===== Data shown

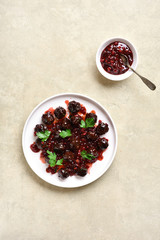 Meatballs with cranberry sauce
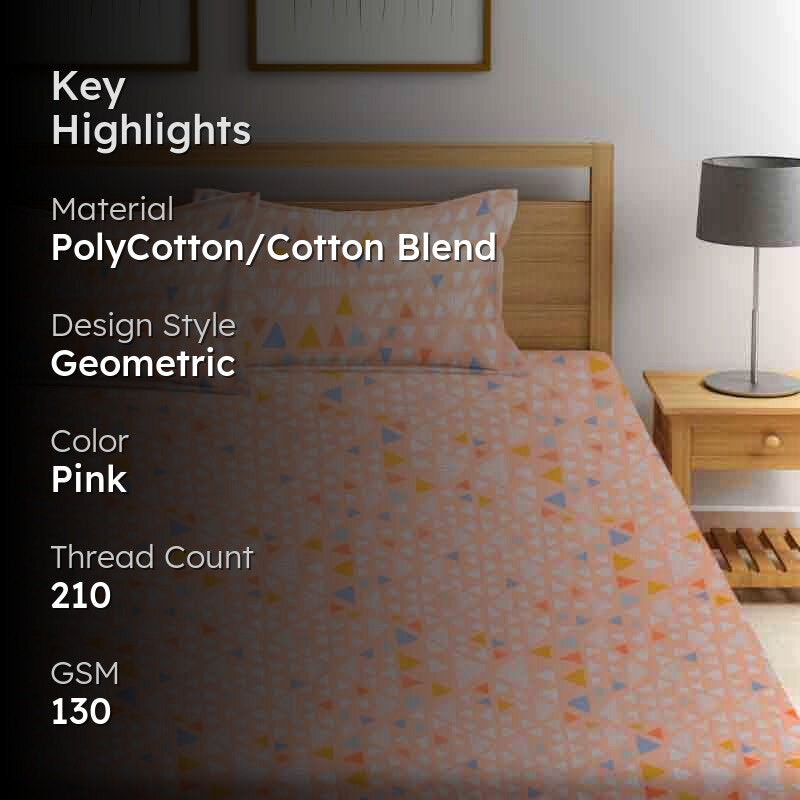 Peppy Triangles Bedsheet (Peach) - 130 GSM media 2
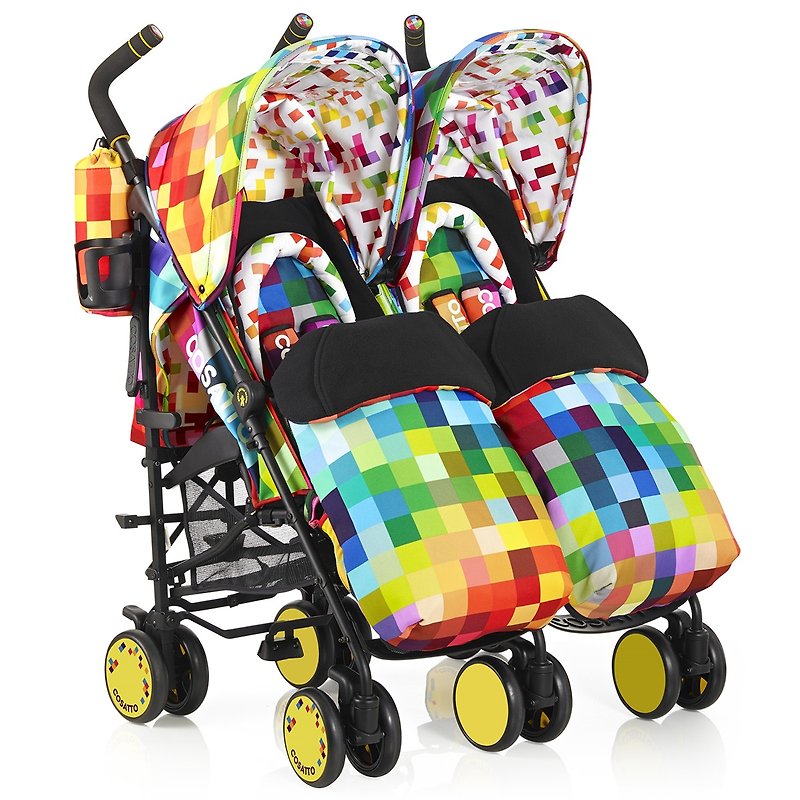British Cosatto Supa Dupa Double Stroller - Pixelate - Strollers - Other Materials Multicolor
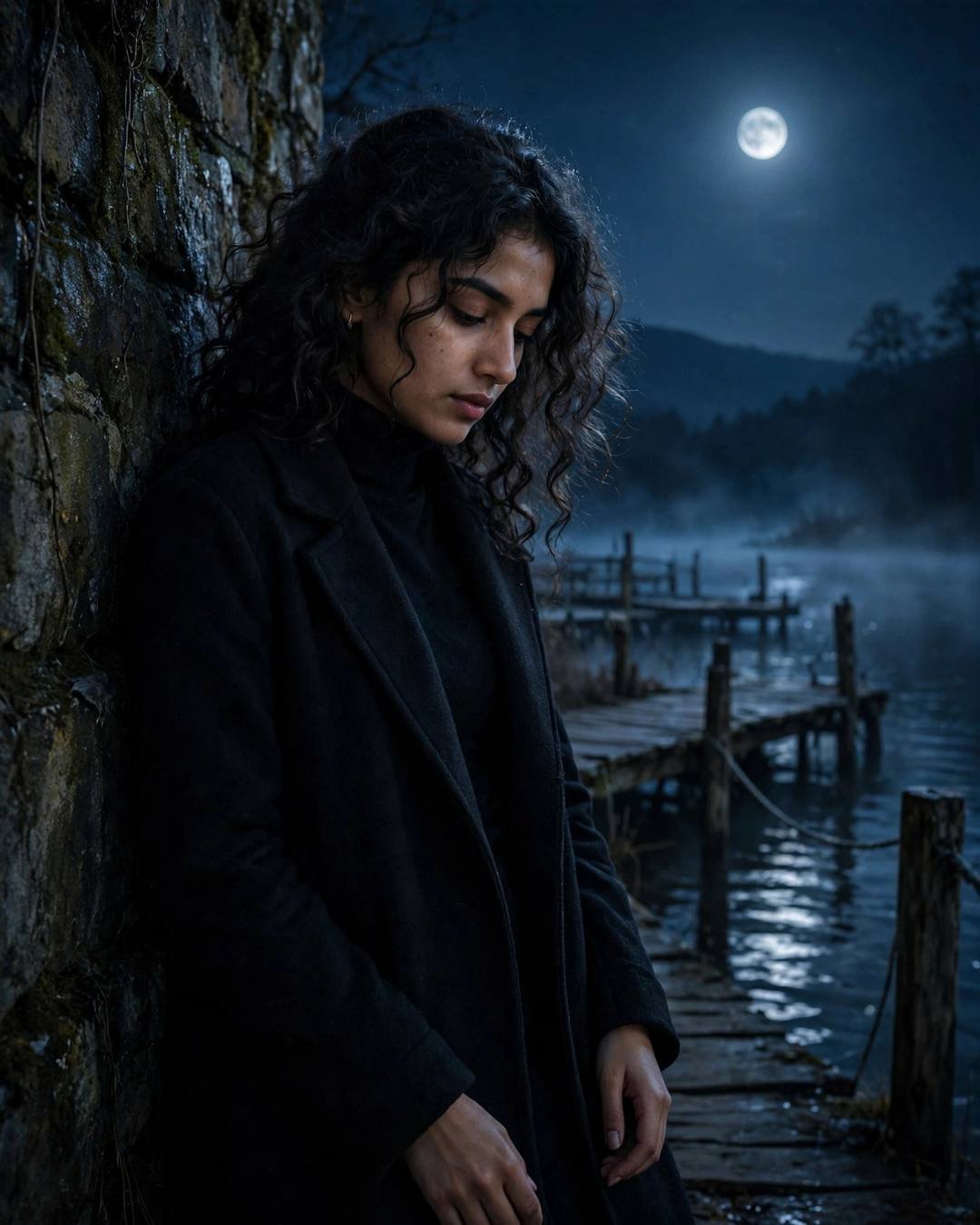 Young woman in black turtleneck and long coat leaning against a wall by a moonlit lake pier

==========

- [Exercise requirements]: Omit the pictures, then copy out all the data exactly as it stands.

- [Answer to this exercise]:
 Meatballs with cranberry sauce
 Peppy Triangles Bedsheet (Peach) - 130 GSM media 2
British Cosatto Supa Dupa Double Stroller - Pixelate - Strollers - Other Materials Multicolor
 Young woman in black turtleneck and long coat leaning against a wall by a moonlit lake pier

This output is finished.